■ LISTED ENTRIES:
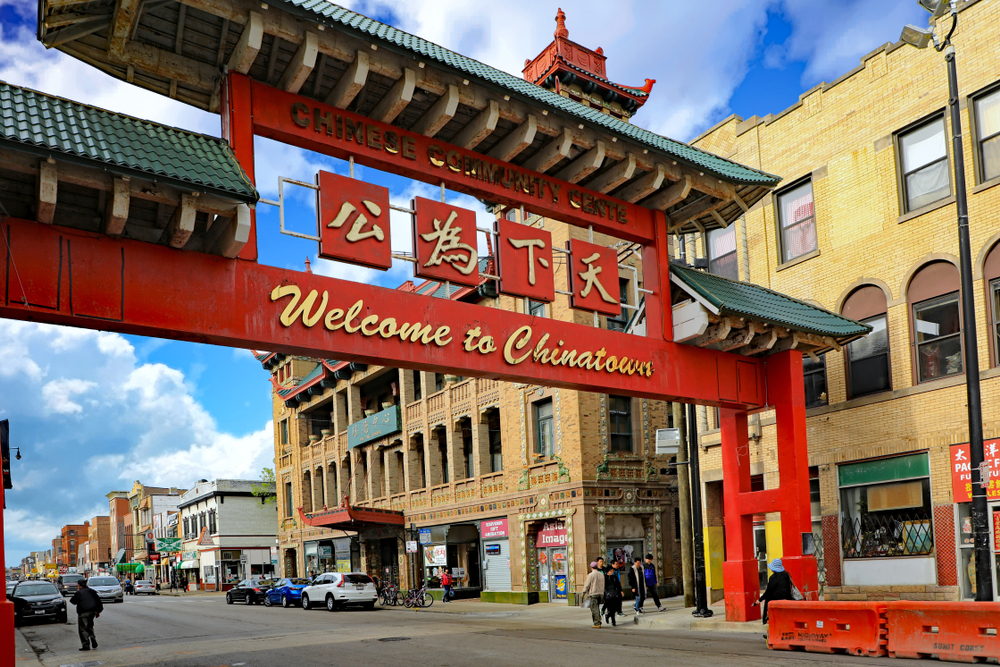 Red, Chinese arch entrance to Chicago's Chinatown.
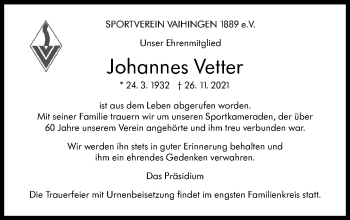 Traueranzeige von Johannes Vetter von Stuttgarter Zeitung / Stuttgarter Nachrichten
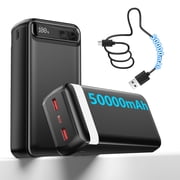 50000mAh 22.5W Portable Charger, USB‑C Fast Charging Power Bank, 3 Outputs 2 Inputs, LED Digital Display for Electronic Devices
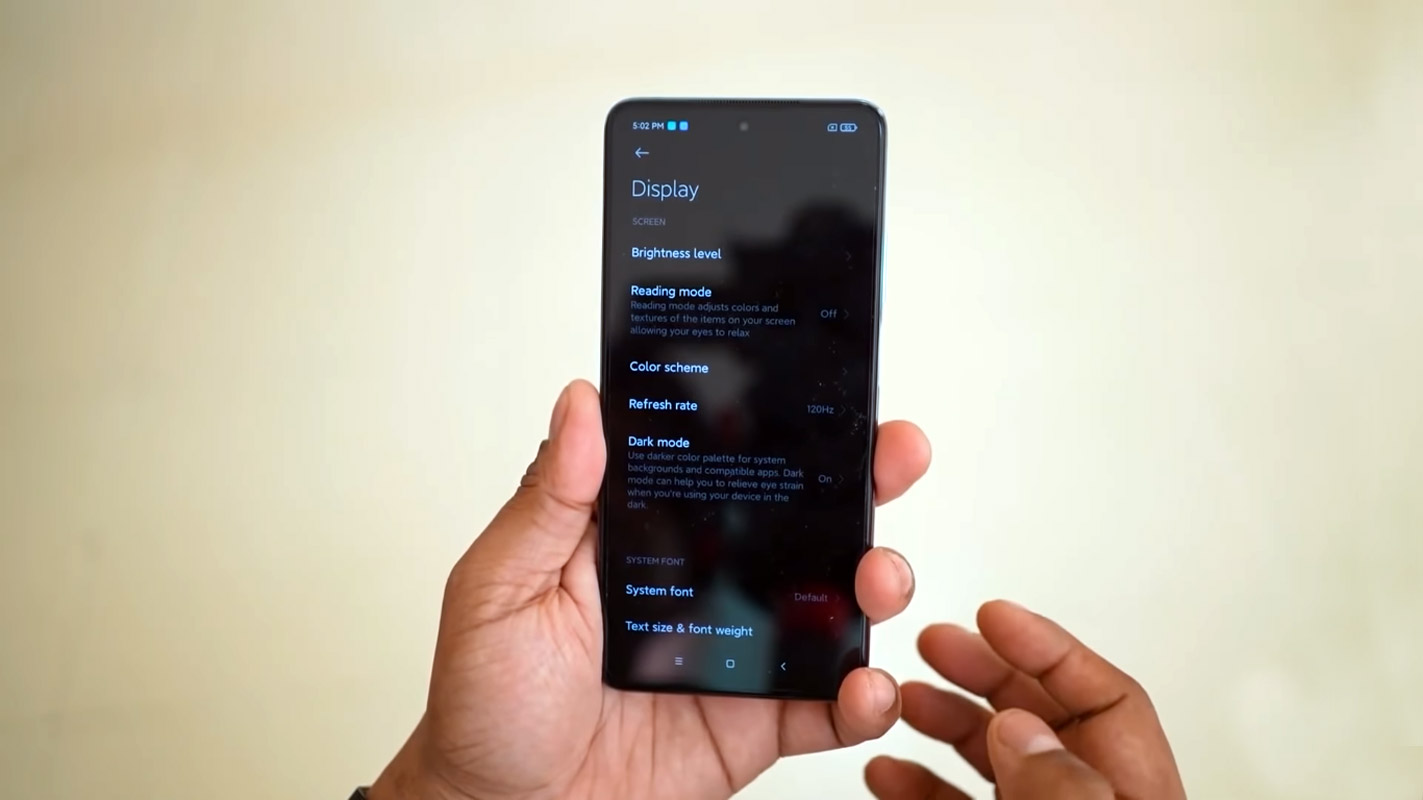 redmi note 9 pro display setting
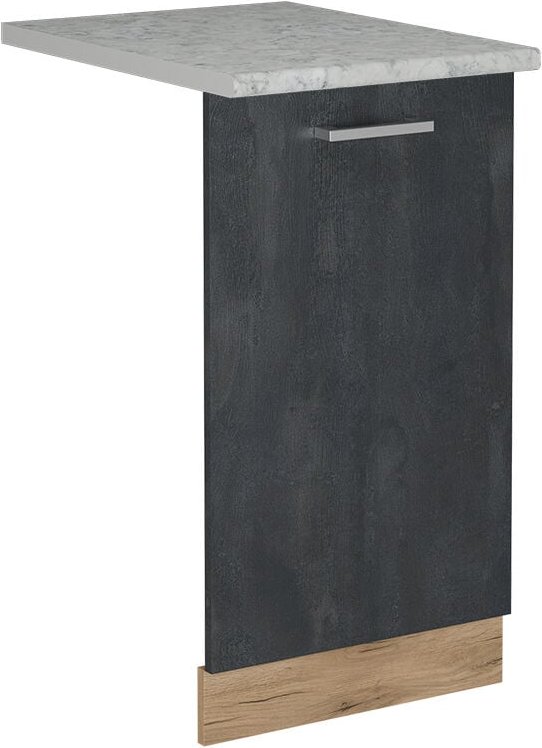 Vicco - Geschirrspülblende R-Line, Schwarz Beton, 45 cm , ap Marmor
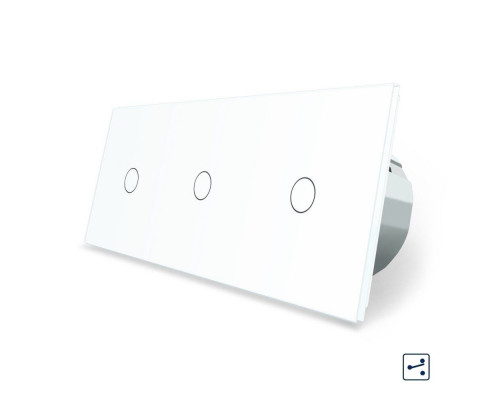 Сенсорный проходной выключатель 3 сенсора (1-1-1) белый стекло Livolo (VL-C703S-11)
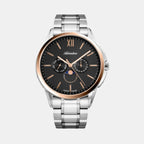 Moonphase Men Quartz Black Dial Multi-Function Stainless Steel Watch A8283.R166QF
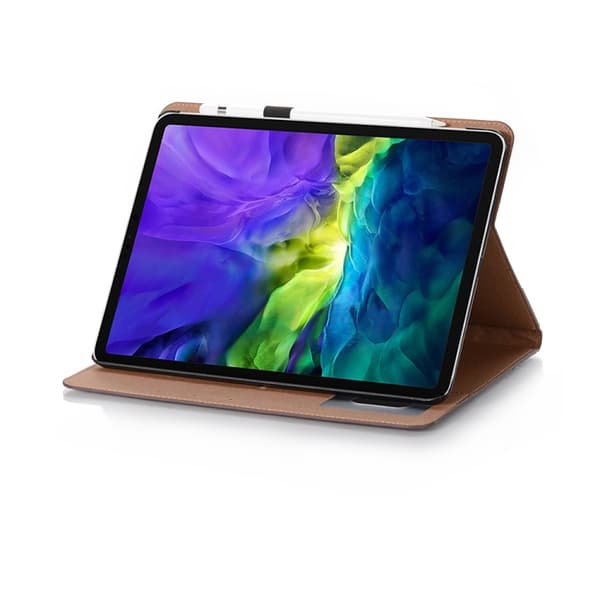 iPad Pro 11 2024 Fodral i Retro Bokstil i Läder Kaffe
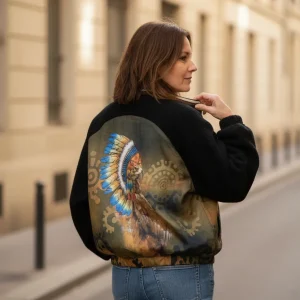 Veste Bomber Aigle Tribal – Manches Laine Bouclée – Plumes Multicolores – Jusqu'au 48 – Made in Italy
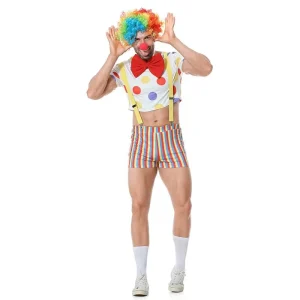 Men Clown Costume Halloween Circus Outfit Color Dot Crop Top Striped Shorts Carnival Stage Performance Wear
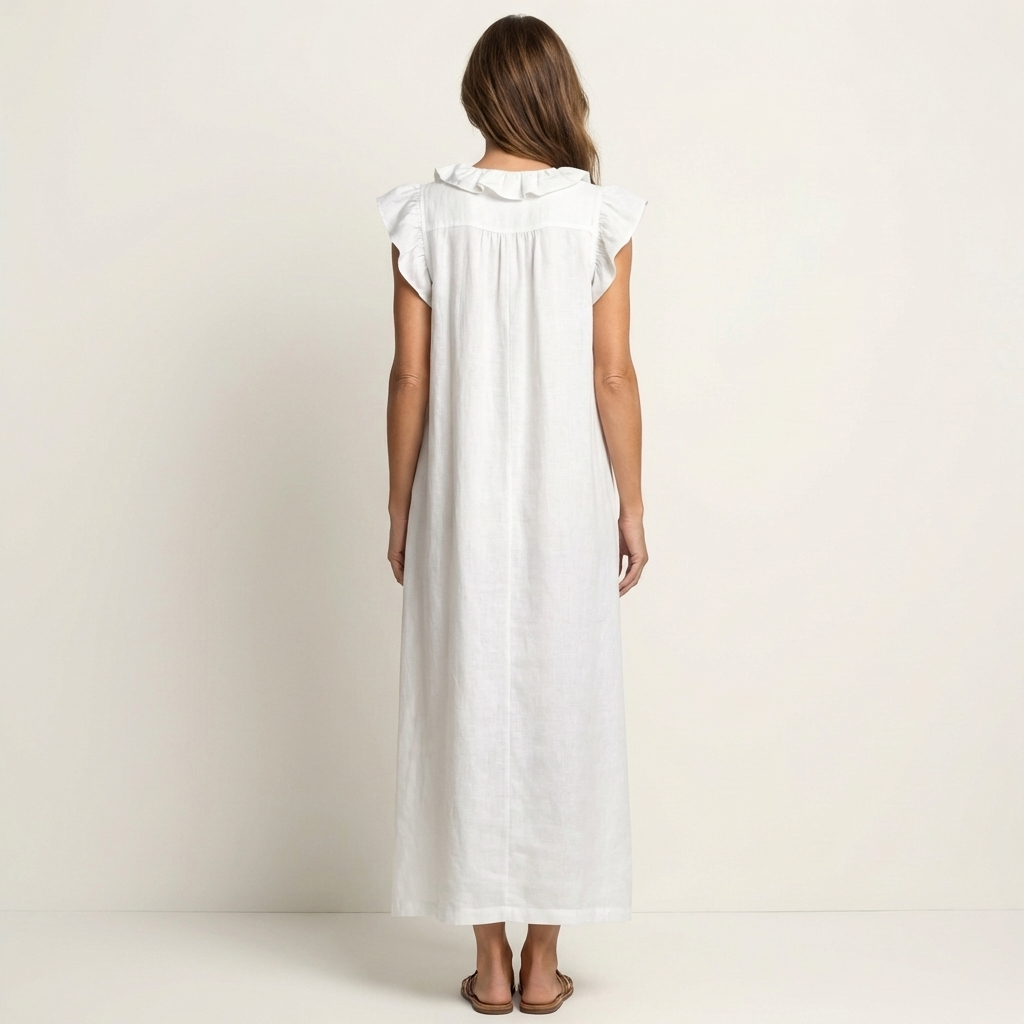 Vestido con cuello en V y volantes Alma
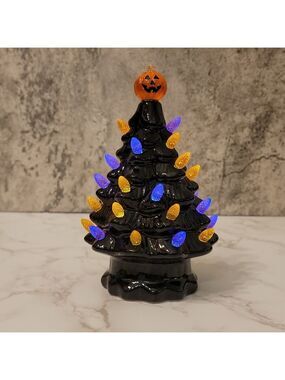 Halloween themed lighted Christmas tree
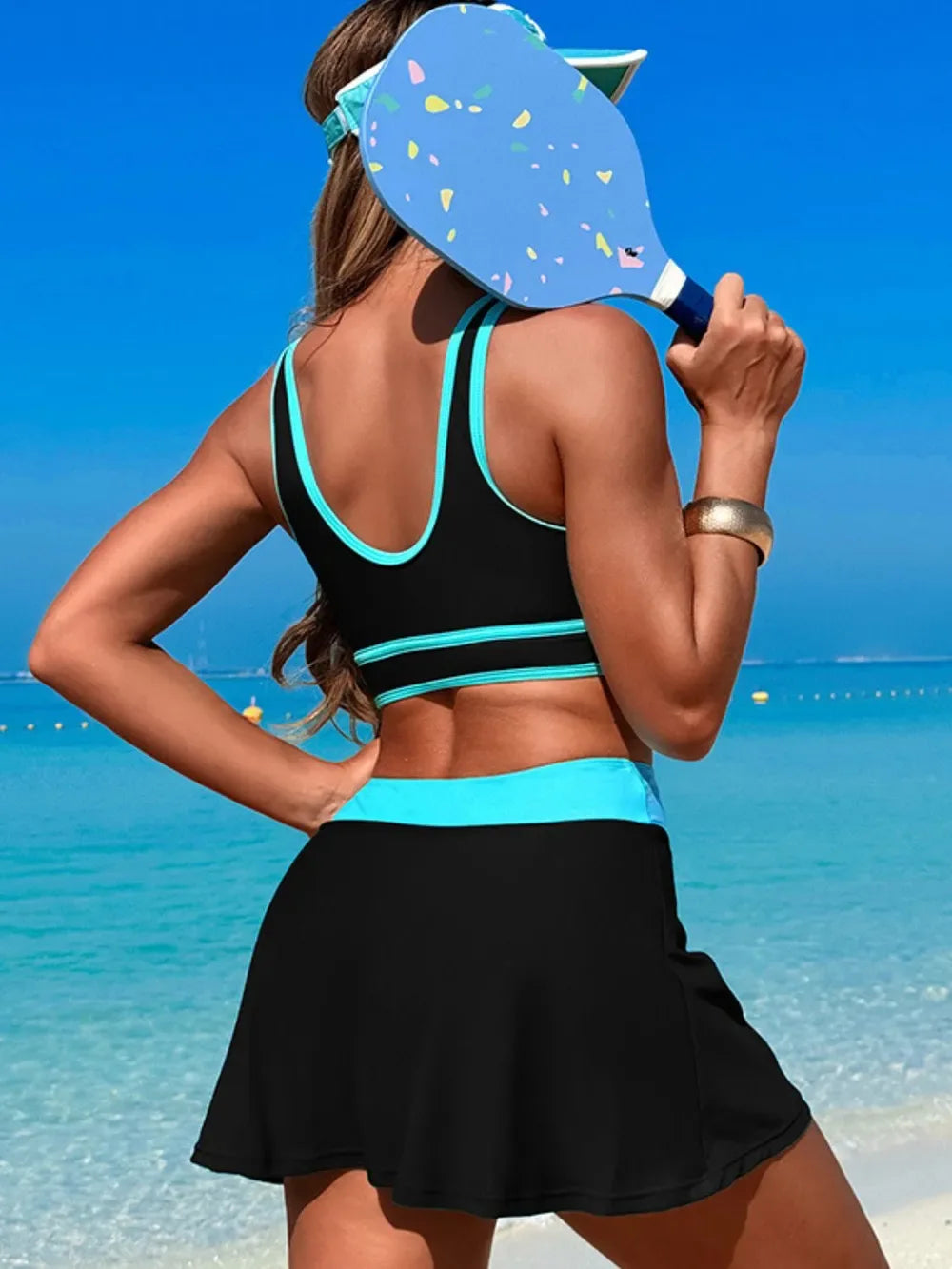 Scoop Neck Top and Skort Swim Set - Makw Official Site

■ WHAT THIS TASK INVOLVES:
Print the material precisely as given, dropping any images it holds.

■ RESULT OF THE EXERCISE:
 Red, Chinese arch entrance to Chicago's Chinatown.
 Traueranzeige von Johannes Vetter von Stuttgarter Zeitung / Stuttgarter Nachrichten
 50000mAh 22.5W Portable Charger, USB‑C Fast Charging Power Bank, 3 Outputs 2 Inputs, LED Digital Display for Electronic Devices
 redmi note 9 pro display setting
 Vicco - Geschirrspülblende R-Line, Schwarz Beton, 45 cm , ap Marmor
 Сенсорный проходной выключатель 3 сенсора (1-1-1) белый стекло Livolo (VL-C703S-11)
 Moonphase Men Quartz Black Dial Multi-Function Stainless Steel Watch A8283.R166QF
 iPad Pro 11 2024 Fodral i Retro Bokstil i Läder Kaffe
 Veste Bomber Aigle Tribal – Manches Laine Bouclée – Plumes Multicolores – Jusqu'au 48 – Made in Italy
 Men Clown Costume Halloween Circus Outfit Color Dot Crop Top Striped Shorts Carnival Stage Performance Wear
 Vestido con cuello en V y volantes Alma
 Halloween themed lighted Christmas tree
 Scoop Neck Top and Skort Swim Set - Makw Official Site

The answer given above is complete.